Scraped caption text data
◆ ◆ ◆ ◆ ◆

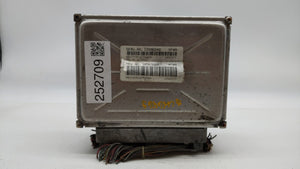 2004 Chevrolet Suburban 1500 PCM Engine Control Computer ECU ECM PCU OEM P/N:12586242 12583660 Fits OEM Used Auto Parts - Oemusedautoparts1.com 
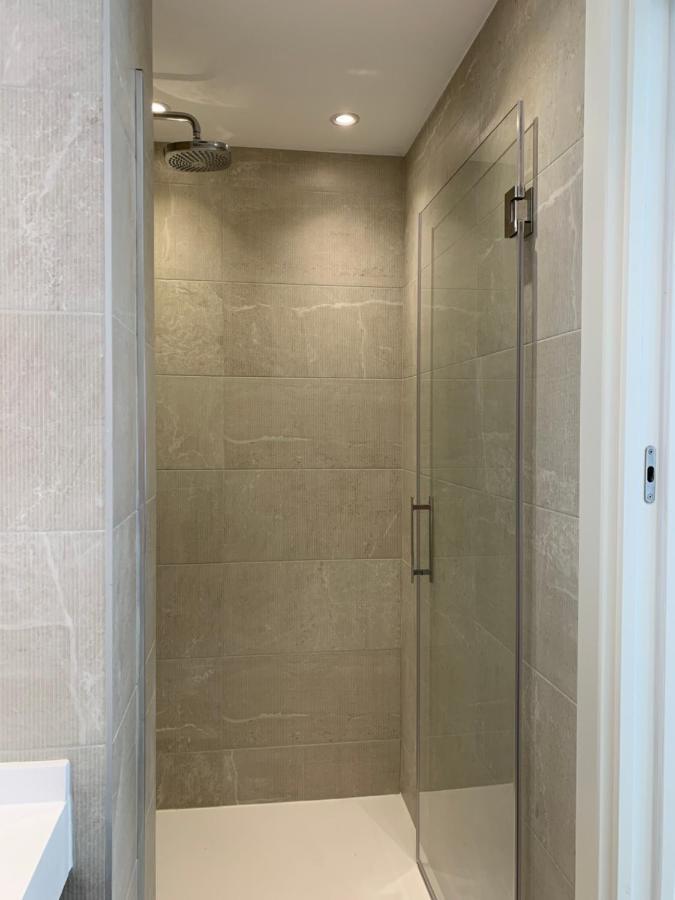 Sitges Spaces Oasis Suites- 4 Bedroom, 4 Ensuite Bathrooms, Terrace, Pool, Sitges Centre Esterno foto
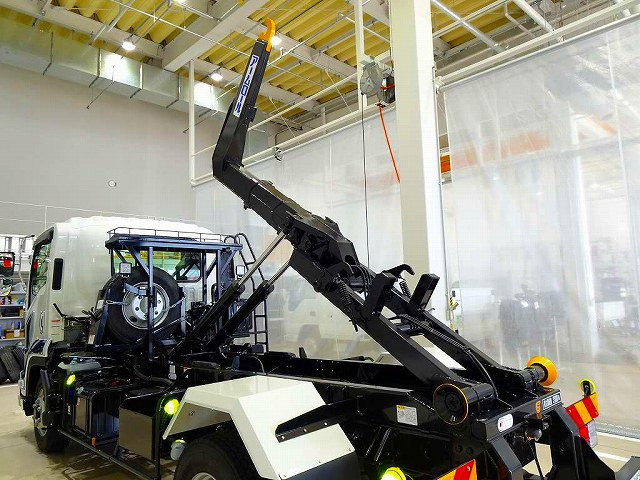 いすゞ フォワード 中型 コンテナ専用車 2RG-FRR90S4(94876) 28枚目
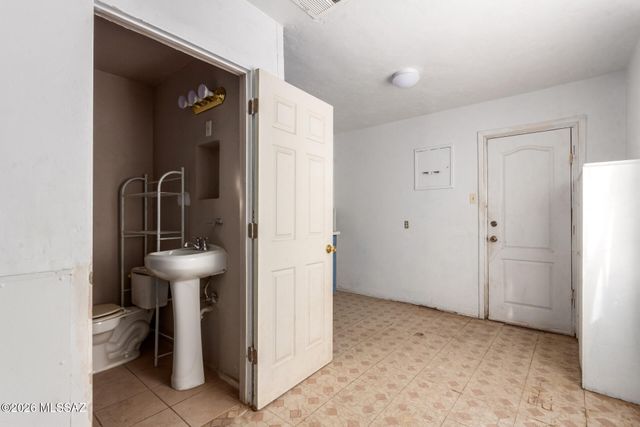 3649 S Bronson Avenue, Tucson, AZ 85713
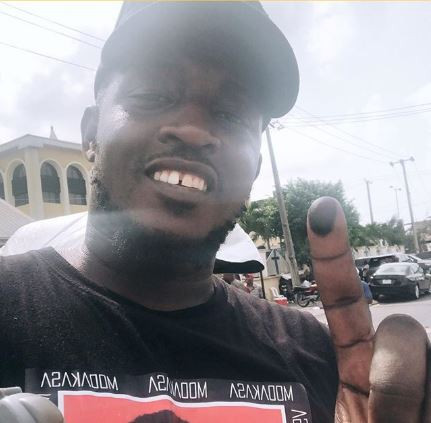 MI Abaga casts his vote despite being sick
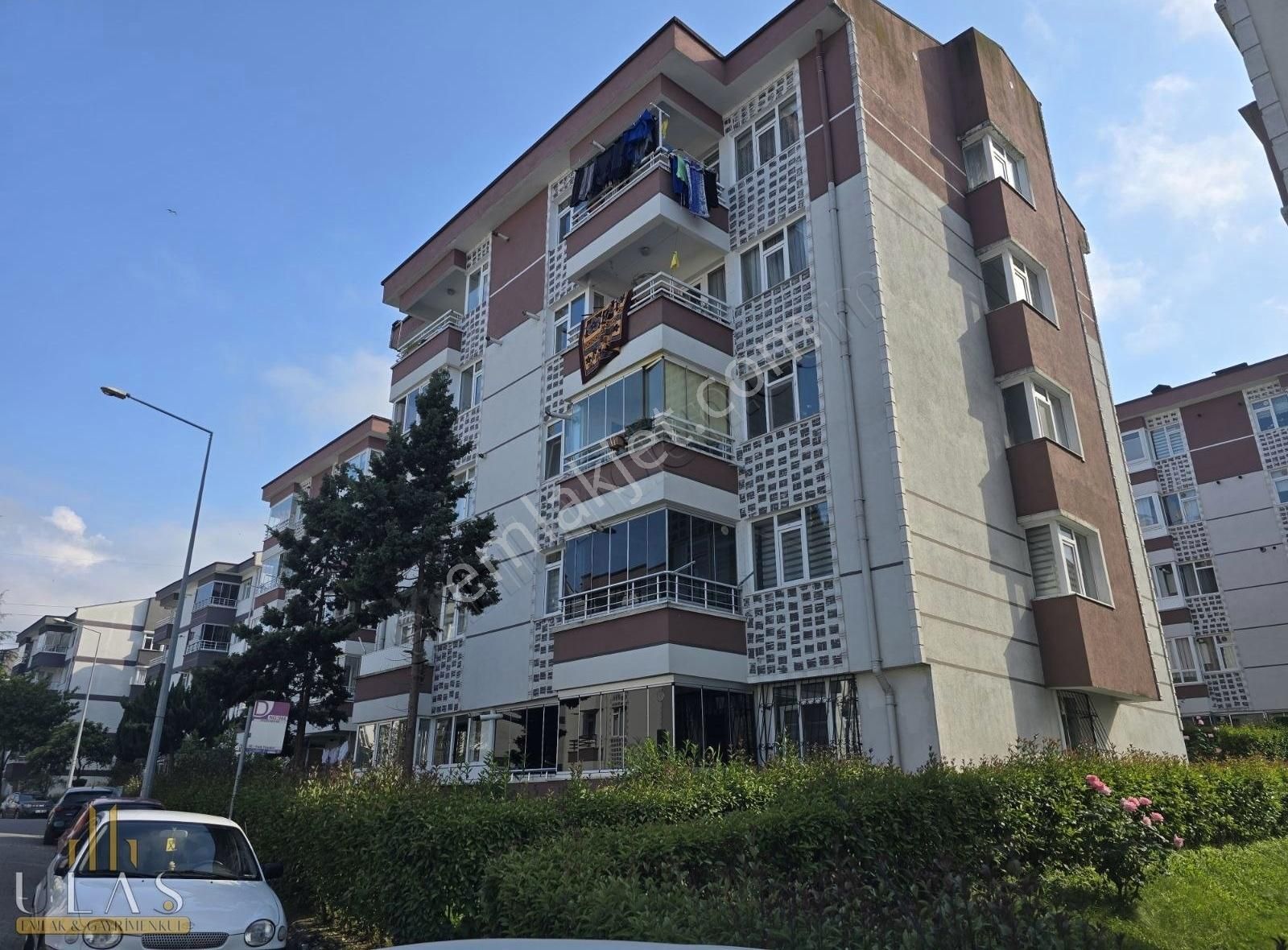 Ulaş Gayrimenkulden Kuğukent Sitesinde 3+1 Satılık Daire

◆ ◆ ◆ ◆ ◆

TO DO: All that is wanted is each line, word for word, from the first line of the data to the one holding "Sitges Spaces Oasis", with the pictures left out.

TASK RESULT:
 2004 Chevrolet Suburban 1500 PCM Engine Control Computer ECU ECM PCU OEM P/N:12586242 12583660 Fits OEM Used Auto Parts - Oemusedautoparts1.com 
 Sitges Spaces Oasis Suites- 4 Bedroom, 4 Ensuite Bathrooms, Terrace, Pool, Sitges Centre Esterno foto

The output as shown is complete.